Наблюдать за реакцией было забавно. Вначале таращились, потом удивленно открывали рты, пока и вовсе не зевали. Может, не стоило начинать настолько издалека?
- Он привел пришельцев, он засеял ими наш мир, пришельцы стали убивать нашу паству, жать нашу плоть и кровь, чтобы самим кормиться. Мы защищались, сколько могли, но нас было несоизмеримо мало. Рати, полчища, орды прокатывались тут и там, как саранча, ничего после себя не оставляя. И тогда Высокий велел одарить лучших из лучших, чтобы они стали равными нам и сражались бок о бок. Мы взяли их – неразумных детей от матерей – подняли до небес и вскормили своим молоком. Сильные из сильных, они стали щитом для наших пастбищ. Демоны дрогнули, ощутив нашу силу, но Он не внял.

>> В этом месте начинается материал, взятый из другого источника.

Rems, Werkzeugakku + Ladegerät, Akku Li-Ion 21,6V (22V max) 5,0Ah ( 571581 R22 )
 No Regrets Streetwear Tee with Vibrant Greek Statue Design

Ярился пуще прежнего, испускал ядовитые шипы, отравлял и искажал. То, что было наше, делал своим. Но оно не живо, безвольно, не способно утолить жажду и только воспаляло ее больше. До крайности!
И он измыслил дурное, самую гнусную месть. Пробраться в дом Высокого, соблазнить его непутевое чадо, возвести на Небесный престол дух неправедный. А праведный заковать в цепи, заключить в недра и убить!
Сражались мы долго, сражались мы тщетно. Не знали мы о напасти, что таилась среди нас. Братской крови напился враг, любовь в ненависть обратил. И гремела последняя битва, и закрывал нас высокий широкой грудью. Устрашился Он, убрался Он зализать чудовищные раны, собрать новых приспешников, придумать новый план. Но шипы зла поразили Высокого, ослабив предательством и отравив безутешным отцовским горем. И он ушел, оставив нас сиротами, без отца и вождя. Небесный град – мертвым, Высокий престол – пустым. И мы тоже ушли в горе и страхе, рассеялись, уступили пастве, оставив ее на страже вместе себя…
Заунывная речь длилась так долго, что усыпила даже меня. Я не выдержала и еще раз обратилась к Гэвину:
- Ведь Микаш сможет, да?..
- Он все сможет, - ответил мне другой, более молодой и бодрый голос.
Я вздрогнула и повернула голову в другую сторону от маршала. Рядом со мной сидел высокий человек в холщовом балахоне. Его лицо полностью скрывала круглая белая маска с тремя красными полосами будто царапины от когтей. Из-под нее выбивались иссиня-черные кудри. Полыхали нестерпимой небесной синевой глаза в прорезях.
Не веря, я протянула ладони, чтобы пощупать, убедиться, что это не сон, не сумасшедшая греза рехнувшегося от всего происходящего сознания.
- Ты кто?
- А ты не знаешь? – такой знакомый властный голос с бархатной хрипотцой, и этот запах сладкого морозного утра, аж щеки щиплет. И эти нарочито насмешливые повадки с притаенной глубоко внутри горькой ноткой. Он перехватил мои ладони и по-дружески сжал, аж в душе защемило. На глаза навернулись слезы. - Демон, злой дух или такая же заблудшая душа, которая не может отыскать путь домой. Выбирай, что нравится. Ты же всегда это делала.